> How to complete this task: Lines below starting with the line with "Fire Retardant Hi-Vis" and going on through the line with "Black Cow Suede" must be output exactly; the rest of the records must be left out.

> Given records:
BEGIN
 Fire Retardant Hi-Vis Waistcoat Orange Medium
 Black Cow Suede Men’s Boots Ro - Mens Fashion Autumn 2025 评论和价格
END
BEGIN
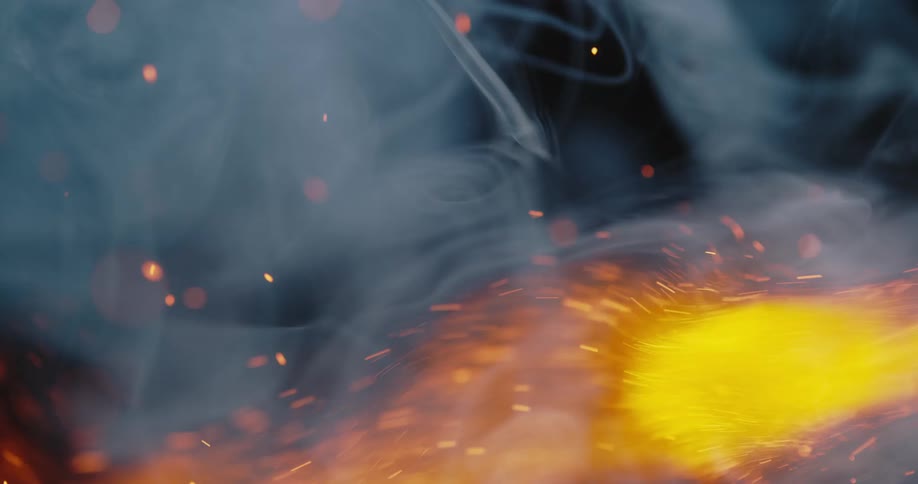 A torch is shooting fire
END
BEGIN
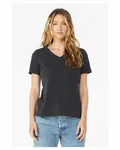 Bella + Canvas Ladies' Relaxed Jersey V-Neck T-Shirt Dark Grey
END
> Response:
 Fire Retardant Hi-Vis Waistcoat Orange Medium
 Black Cow Suede Men’s Boots Ro - Mens Fashion Autumn 2025 评论和价格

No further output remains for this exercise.